-- RECORDS FOR THIS EXERCISE follows --
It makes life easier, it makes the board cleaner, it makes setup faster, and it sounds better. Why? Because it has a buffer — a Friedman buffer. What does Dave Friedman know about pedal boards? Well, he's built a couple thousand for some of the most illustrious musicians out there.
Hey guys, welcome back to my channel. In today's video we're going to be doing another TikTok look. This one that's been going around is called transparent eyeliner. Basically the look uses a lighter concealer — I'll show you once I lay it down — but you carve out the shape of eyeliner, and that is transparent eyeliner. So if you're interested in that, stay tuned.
-- RECORDS FOR THIS EXERCISE concluded --
-- RECORDS FOR THIS EXERCISE follows --
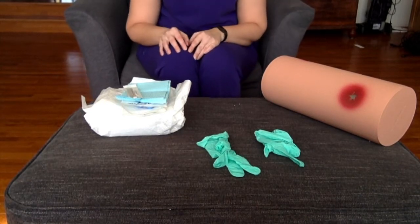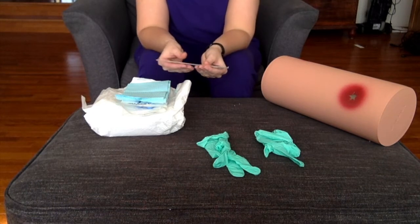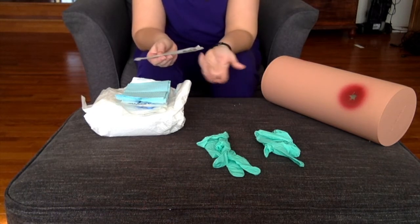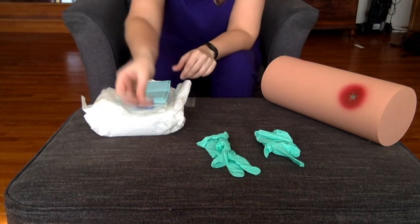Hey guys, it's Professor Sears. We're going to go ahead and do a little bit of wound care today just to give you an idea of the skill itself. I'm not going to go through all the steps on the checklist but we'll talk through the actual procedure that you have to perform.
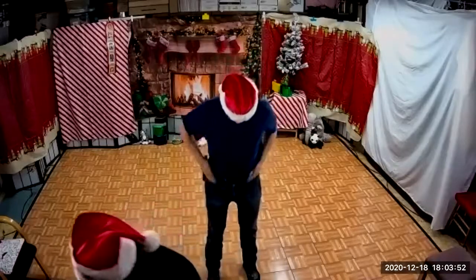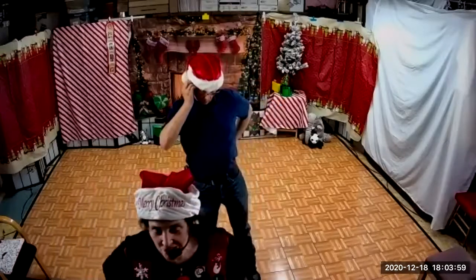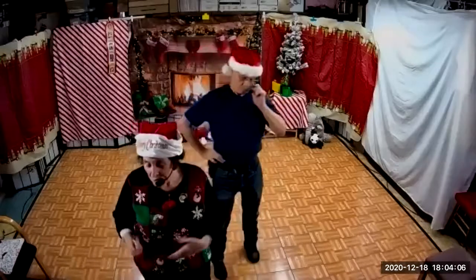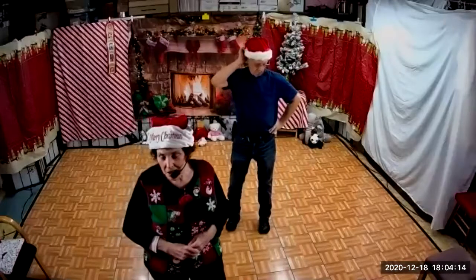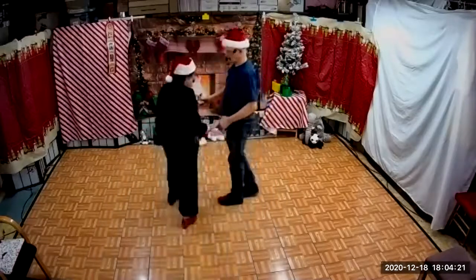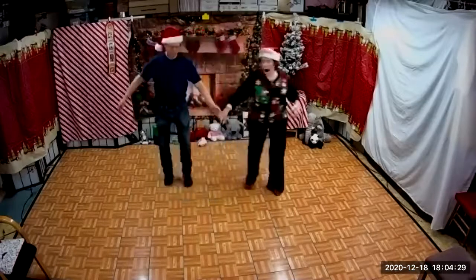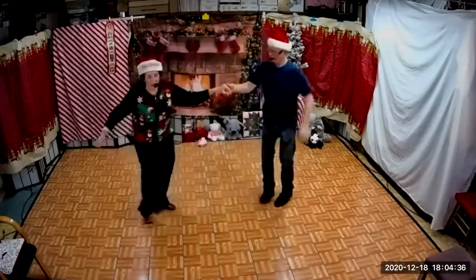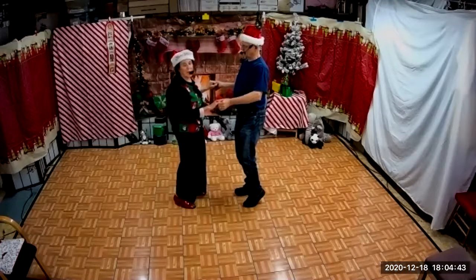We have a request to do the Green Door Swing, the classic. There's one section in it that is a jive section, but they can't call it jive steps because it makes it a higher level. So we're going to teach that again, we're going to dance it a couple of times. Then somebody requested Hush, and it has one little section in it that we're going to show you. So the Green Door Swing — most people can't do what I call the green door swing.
-- RECORDS FOR THIS EXERCISE concluded --
-- RECORDS FOR THIS EXERCISE follows --
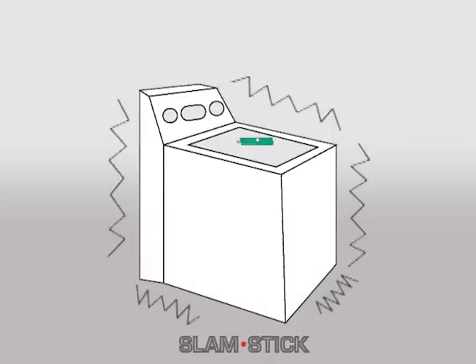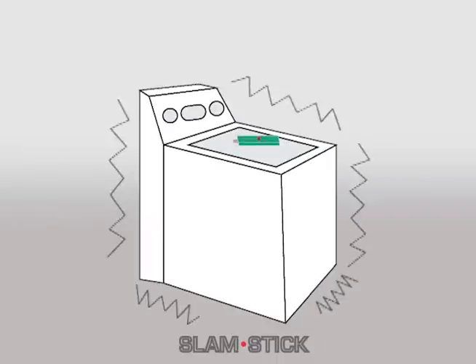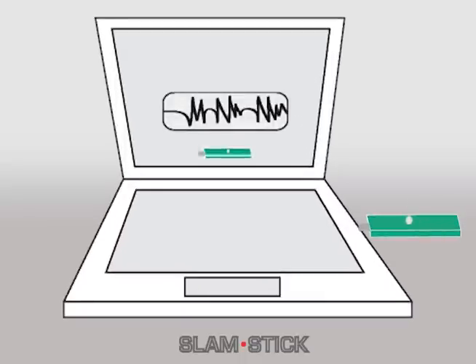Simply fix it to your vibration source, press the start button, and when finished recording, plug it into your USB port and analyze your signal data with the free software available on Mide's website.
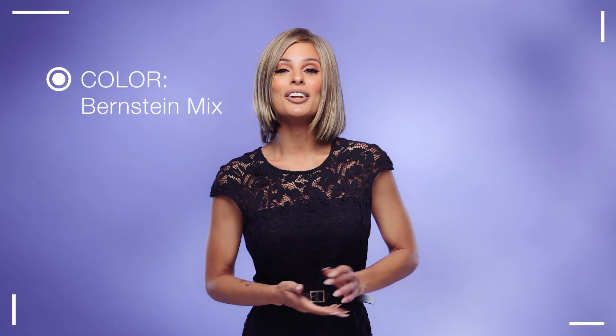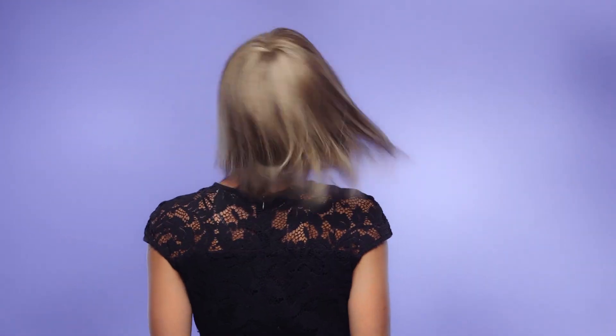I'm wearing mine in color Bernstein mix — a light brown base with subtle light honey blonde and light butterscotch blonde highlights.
-- RECORDS FOR THIS EXERCISE concluded --
[WHAT TO DO]
Please write out, exactly as they appear above, only the lines in the stretch from the line with "It makes life" through the line with "Hey guys, welcome".

[ANSWER FOR THE TASK]
It makes life easier, it makes the board cleaner, it makes setup faster, and it sounds better. Why? Because it has a buffer — a Friedman buffer. What does Dave Friedman know about pedal boards? Well, he's built a couple thousand for some of the most illustrious musicians out there.
Hey guys, welcome back to my channel. In today's video we're going to be doing another TikTok look. This one that's been going around is called transparent eyeliner. Basically the look uses a lighter concealer — I'll show you once I lay it down — but you carve out the shape of eyeliner, and that is transparent eyeliner. So if you're interested in that, stay tuned.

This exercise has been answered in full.